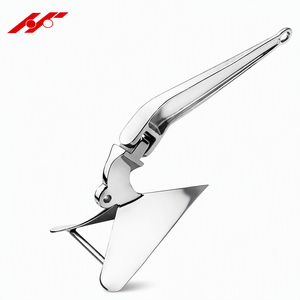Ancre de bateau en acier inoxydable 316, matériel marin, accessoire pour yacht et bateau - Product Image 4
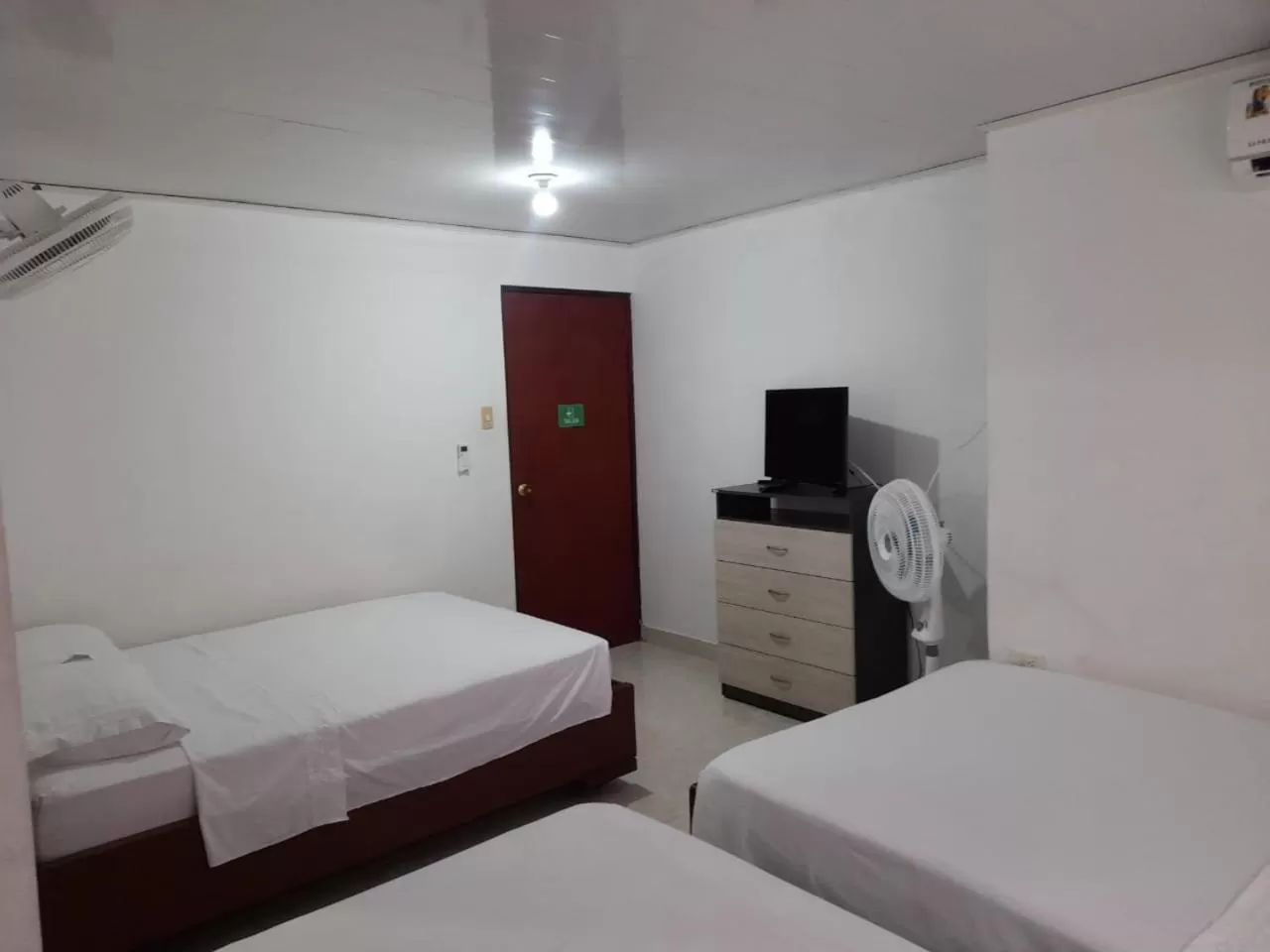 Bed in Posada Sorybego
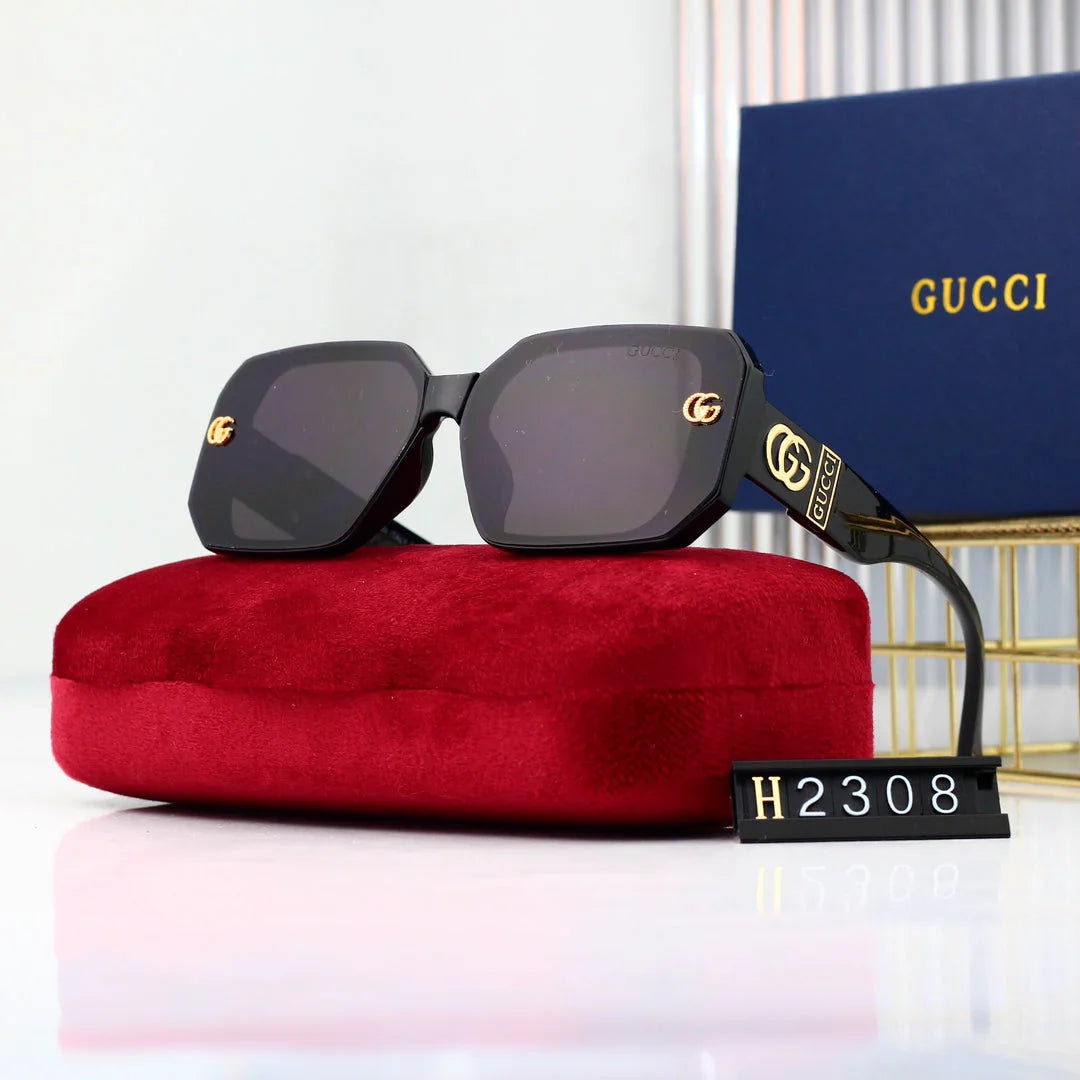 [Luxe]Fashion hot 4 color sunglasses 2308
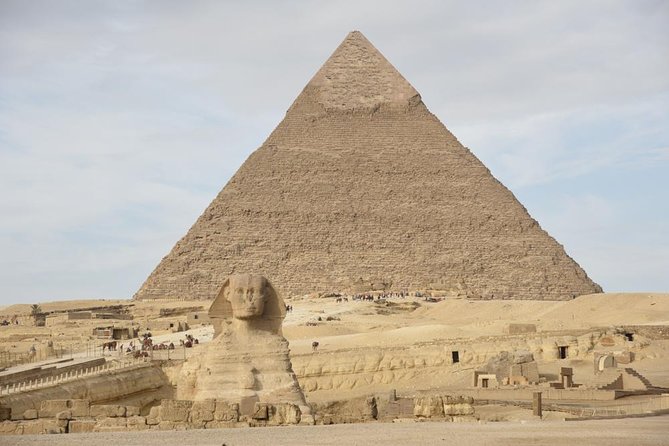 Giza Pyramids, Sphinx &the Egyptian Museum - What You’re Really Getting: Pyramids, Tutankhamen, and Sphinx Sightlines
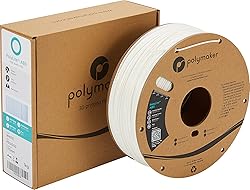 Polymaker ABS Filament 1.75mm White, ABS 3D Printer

...

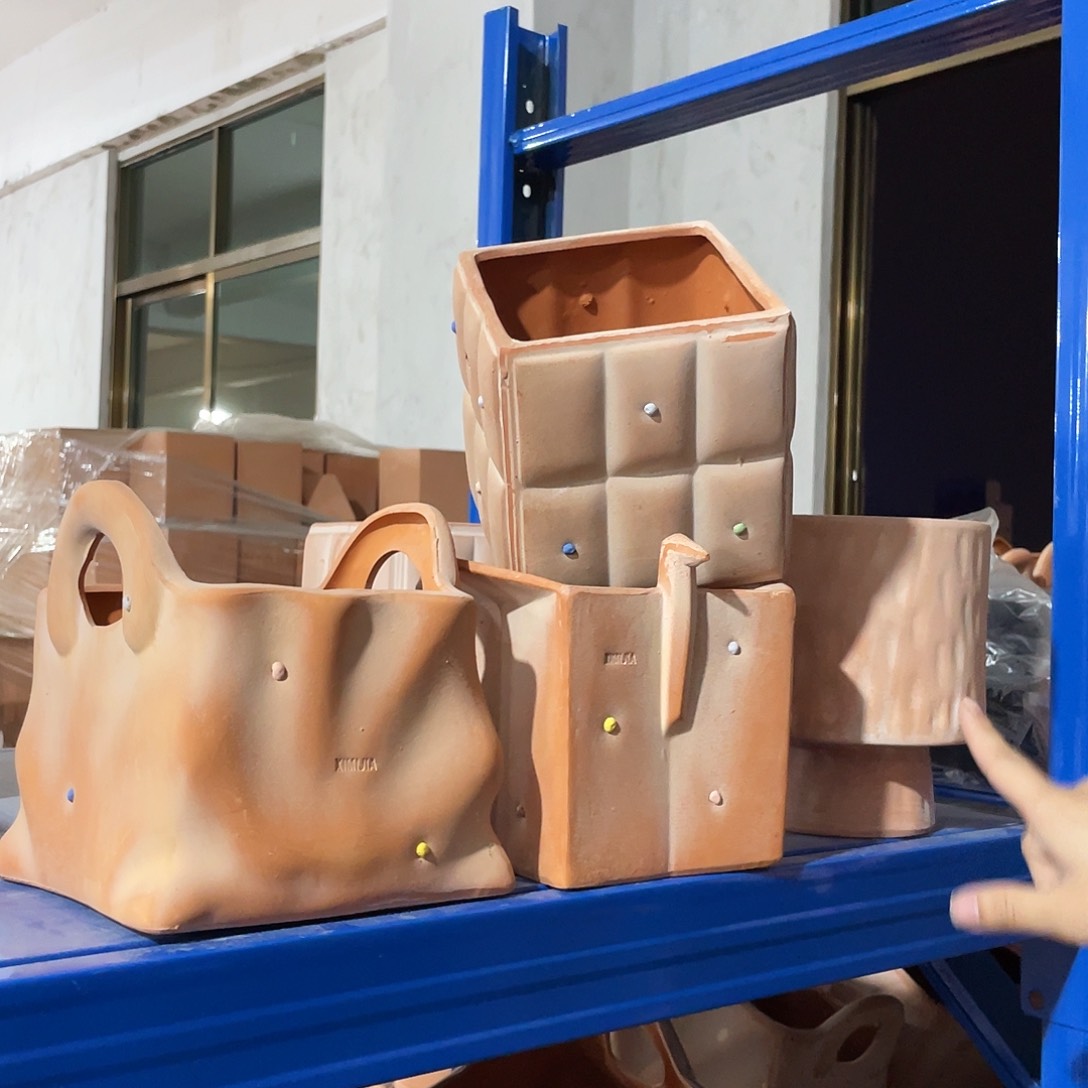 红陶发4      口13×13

WHAT IS EXPECTED — Excerpt from the records above: set down only the lines from the one that contains "Ancre de bateau" through the one that contains "Polymaker ABS Filament", inclusive, word for word. Pictures stay out.

RESPONSE TO THIS EXERCISE —
Ancre de bateau en acier inoxydable 316, matériel marin, accessoire pour yacht et bateau - Product Image 4
 Bed in Posada Sorybego
 [Luxe]Fashion hot 4 color sunglasses 2308
 Giza Pyramids, Sphinx &the Egyptian Museum - What You’re Really Getting: Pyramids, Tutankhamen, and Sphinx Sightlines
 Polymaker ABS Filament 1.75mm White, ABS 3D Printer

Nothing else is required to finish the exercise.